Having said that, it is better if a person can wait for some time before finalising the marriage or buying the female-slave in order to test the longing of his heart for her because as every sensible person knows, the ‘self’ longs and yearns for a matter either because it is untried or because of love. If it was the latter, he should proceed so long he is sure that his yearning for her is because of his love. ‘Ataa Al-Kharasani said, “It is written in the Torah that marriage without love is a regret and misery until the Day of Judgement.” The second step is to investigate the character of the chosen individual because manners are from the hidden aspect of the person – if it doesn’t exist will make the woman look pretty, but one grew up in an unruly house, and since having well raised children is also a purpose of marriage, then the good character of one who will bear the child is vital.

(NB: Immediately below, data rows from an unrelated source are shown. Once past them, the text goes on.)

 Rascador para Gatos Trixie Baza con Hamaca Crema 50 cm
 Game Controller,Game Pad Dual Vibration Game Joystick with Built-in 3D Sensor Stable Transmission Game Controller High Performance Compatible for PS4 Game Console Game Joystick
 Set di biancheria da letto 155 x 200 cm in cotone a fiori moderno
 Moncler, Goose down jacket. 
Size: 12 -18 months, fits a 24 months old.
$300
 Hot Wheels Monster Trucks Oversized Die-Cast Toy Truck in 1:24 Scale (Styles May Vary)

Having one’s desires fulfilled [lawfully] in order to free the heart and mind from such distractions is a cardinal pillar as it will devote the heart towards minding one’s other important matters. When a person finishes from subsequent side tasks will he then be able to focus on his original major tasks. This is why the Prophet صلى الله عليه وسلم said,

“A judge should never rule between two persons when he is angry” [1] and he صلى الله عليه وسلم also said,

“When dinner is served at the time of Isha Prayer, eat your dinner first.” [2]

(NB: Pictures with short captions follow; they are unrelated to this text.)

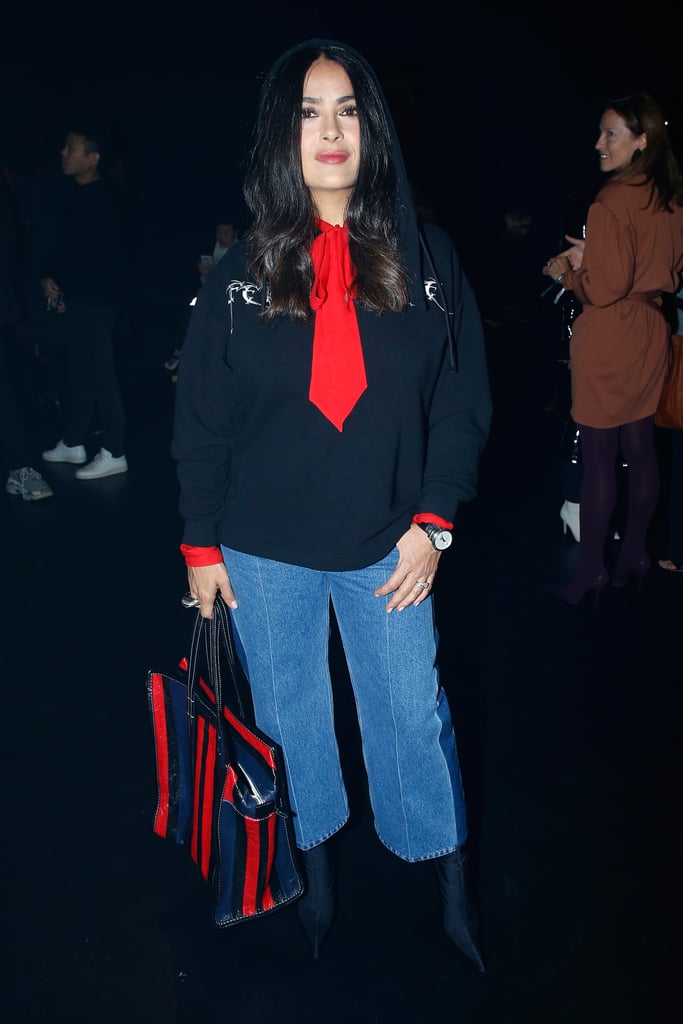 October at the Balenciaga Show in Paris
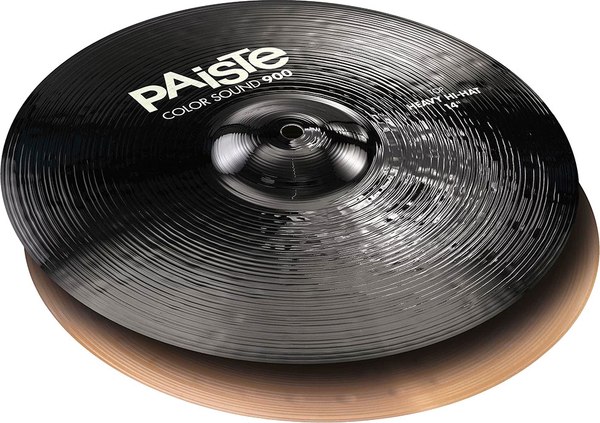 Набор тарелок для ударной установки Paiste Color Sound 900 Black Heavy Hi-Hat 0001913414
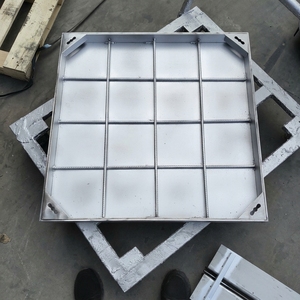 Tapa de alcantarilla cuadrada moderna antiestática de acero inoxidable galvanizado OEM/ODM 300x300mm para sistema de drenaje exterior - Product Image 5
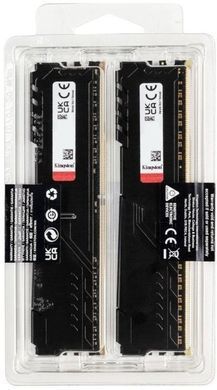 Kingston Пам'ять ПК Kingston DDR4 16GB KIT (8GBx2) 3200 FURY Beast KF432C16BBK2/16WP фото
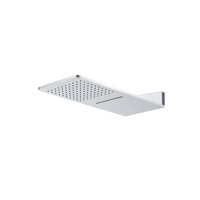 Luxe Vierkante Regendouchekop met Waterval 25X60 cm Chroom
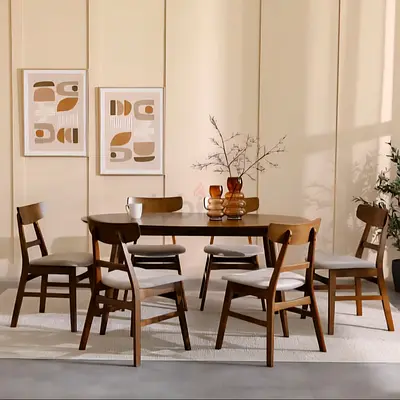 Dining table with 6 chairs for sale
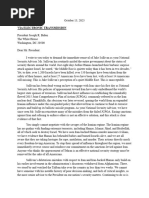 Jake Sullivan Removal Letter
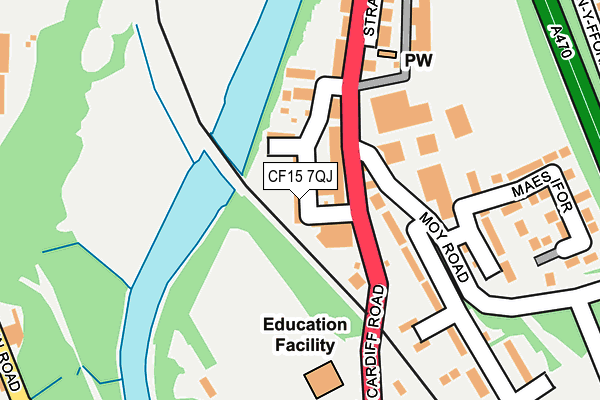 CF15 7QJ map - OS OpenMap – Local (Ordnance Survey)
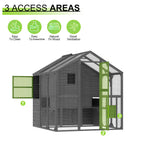 Large Wooden Outdoor Cat House Cage Walk in Cat Catio-150212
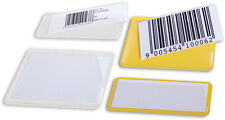 50x Etikettenträger Regalkennzeichnung Lagerschild div, Größen und Farben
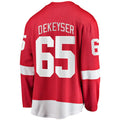Custom #65 Red DET Hockey Shirt Top
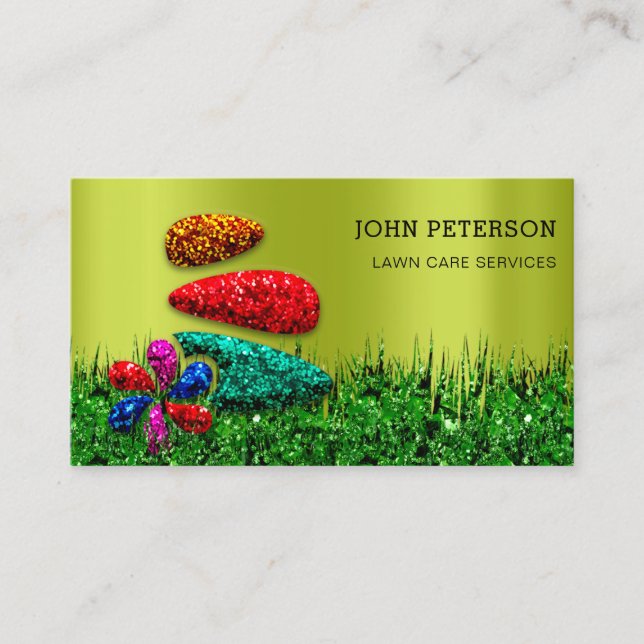 Carte De Visite Entretien de la pelouse Jardin Paysage Services Lo (Devant)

That being said, when a person finds a woman whose image is as good as her character (i.e. a well-mannered woman with a pleasant look), he should overlook her flaws and shortcomings, and she should try her best to please him without being too distant so he does not forget her, or being too close so he does not get bored with her. Furthermore, she should beautify herself in the manner he likes so she maintains and fulfils the sexual needs of both of them, leading to her pregnancy and providing a child. Following the precautions I have outlined previously, such relationships last and suffice each partner without the need for them to look for other options. However, if the man can afford having another woman [in a lawful manner], and knows that will help him to relieve his heart from all distractions and make him focused on fulfilling his other duties, it would better for him in such a case. Yet, should he fear jealousy between the two women adding more distraction to his heart, which we are so concerned to maintain its focus, or should he fear the new woman will distract him from remembering his Hereafter or require him to compromise his piety, then he should suffice with one wife.

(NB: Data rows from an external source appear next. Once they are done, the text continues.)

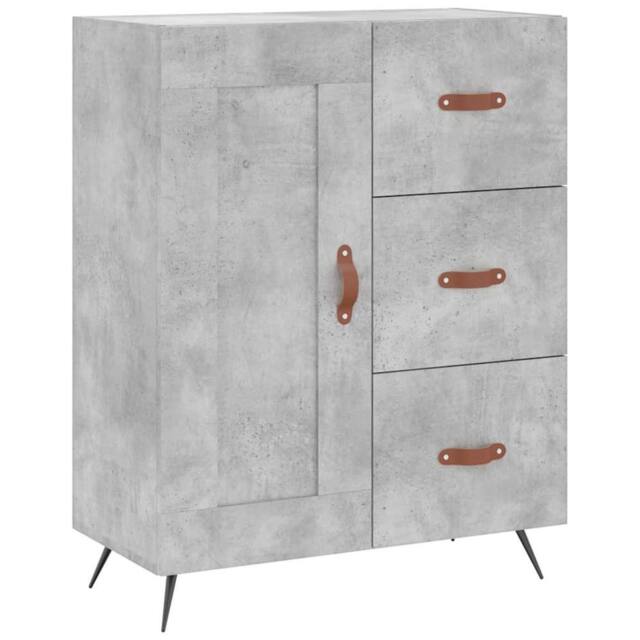 Berkfield Home Sideboard Concrete Grey 69.5x34x90 cm Engineered Wood - image 1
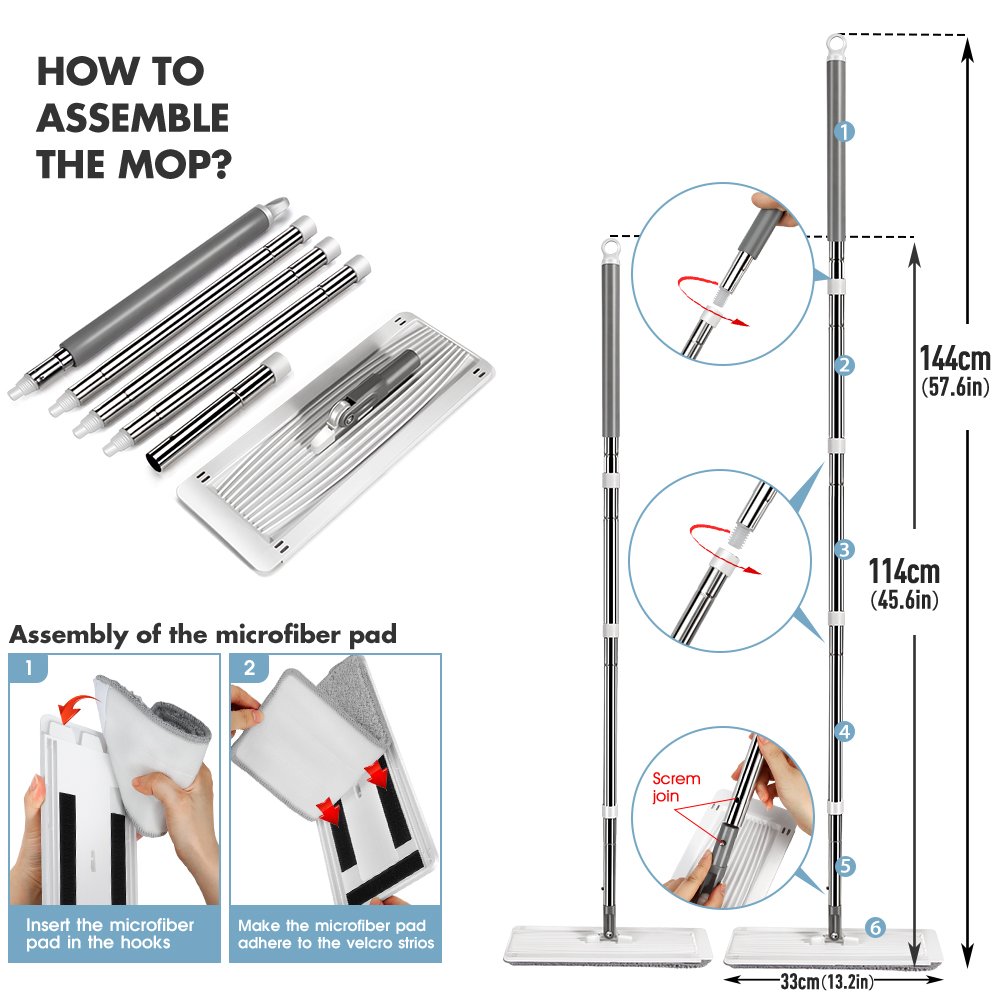 Masthome new design oem/odm Microfiber Spin Flat Mop With Bucket for housework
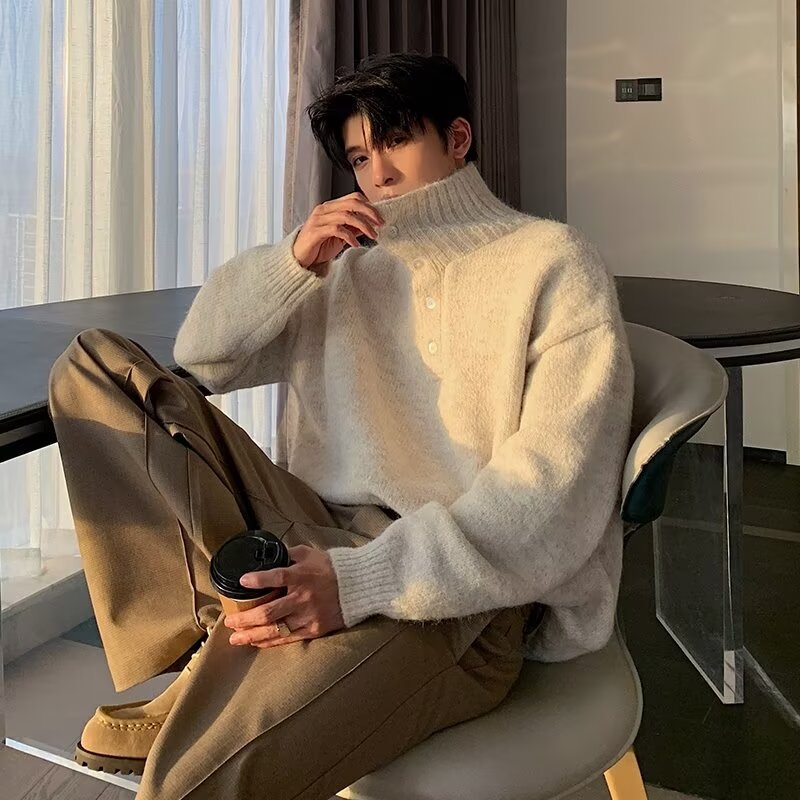 Turtleneck Pullover Sweater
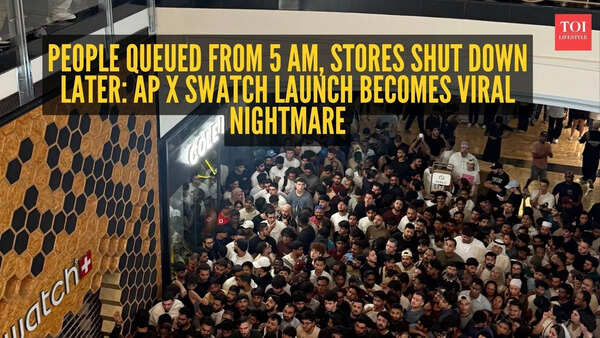 AP x Swatch Royal Pop launch goes horribly wrong as crowds push, scream and storm stores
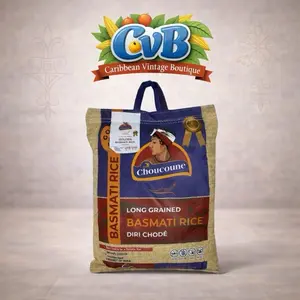 Choucoune Long Grain Basmati Rice - Premium Aromatic Basmati Rice for Cooking 15lbs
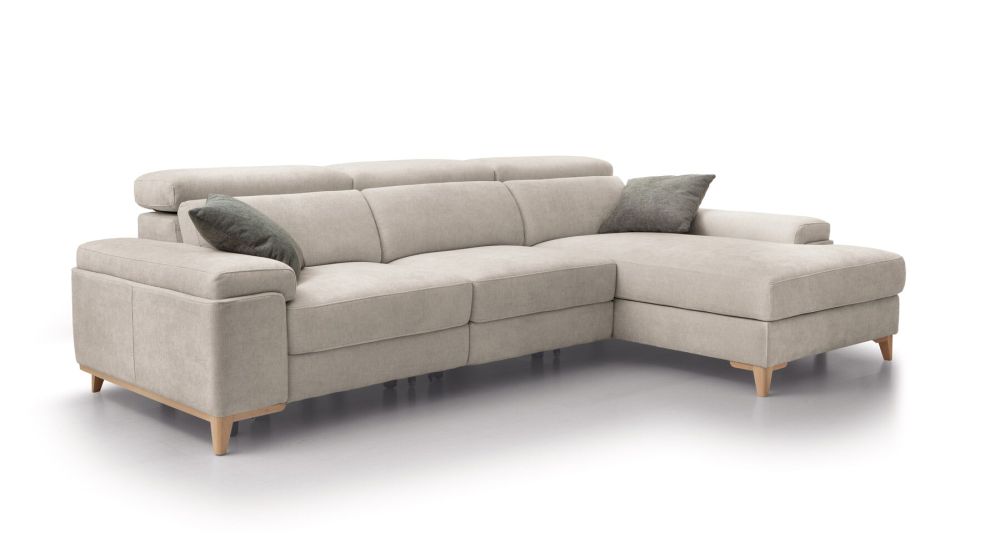 Canapé d'angle coulissant à ressorts ensachés Sérénité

From the things I also advise to take into account is that a person should understand that chastity is unlikely to be one of the qualities of women with pleasant looks; therefore if a person is in love with a woman of this kind he should maintain her and guard her chastity excessively. If he, however, finds in her [character] what he dislikes, he should not wait to replace her so that he does not remain attached to her and quickly overcome his feelings for her, so he doesn’t slide in to state of distraction. And, if he could suffice with one woman then that would be better because should one be sufficient, then he will be content and if she was not, then he divorces her and looks for another one instead.

When a person marries a woman he loves, this will make him ultimately release all his accumulated semen, which assures the brightness and healthiness of the child, as well as fulfilling the sexual needs perfectly. As for those who fear for the jealousy of wives, should opt for female servants for they have less jealousy over him and pleasing them is easier and more effectual than pleasing the wives.

There were many people before who managed to have more than one woman, and women were patient and handled the situations well. For example, Prophet Da’wud (peace of Allah be upon him) had 100 women, and Prophet Sulayman (peace of Allah be upon him) had 1000 women, and our Prophet صلى الله عليه وسلم and his companions had many women, and the chief of believers; Ali ibn Abi Talib (May Allah be pleased with him) had 4 wives and 17 slaves and his son, al-Hasan, married 400 women etc.

Having said all of that, if you could grasp a sound understanding of what I have just mentioned above, you will be a winner, by the permission of Allah.”

[1] Sahih Bukhari (7158) and Sahih Muslim (1717)

[2] Sahih Bukhari (673) and Sahih Muslim (559)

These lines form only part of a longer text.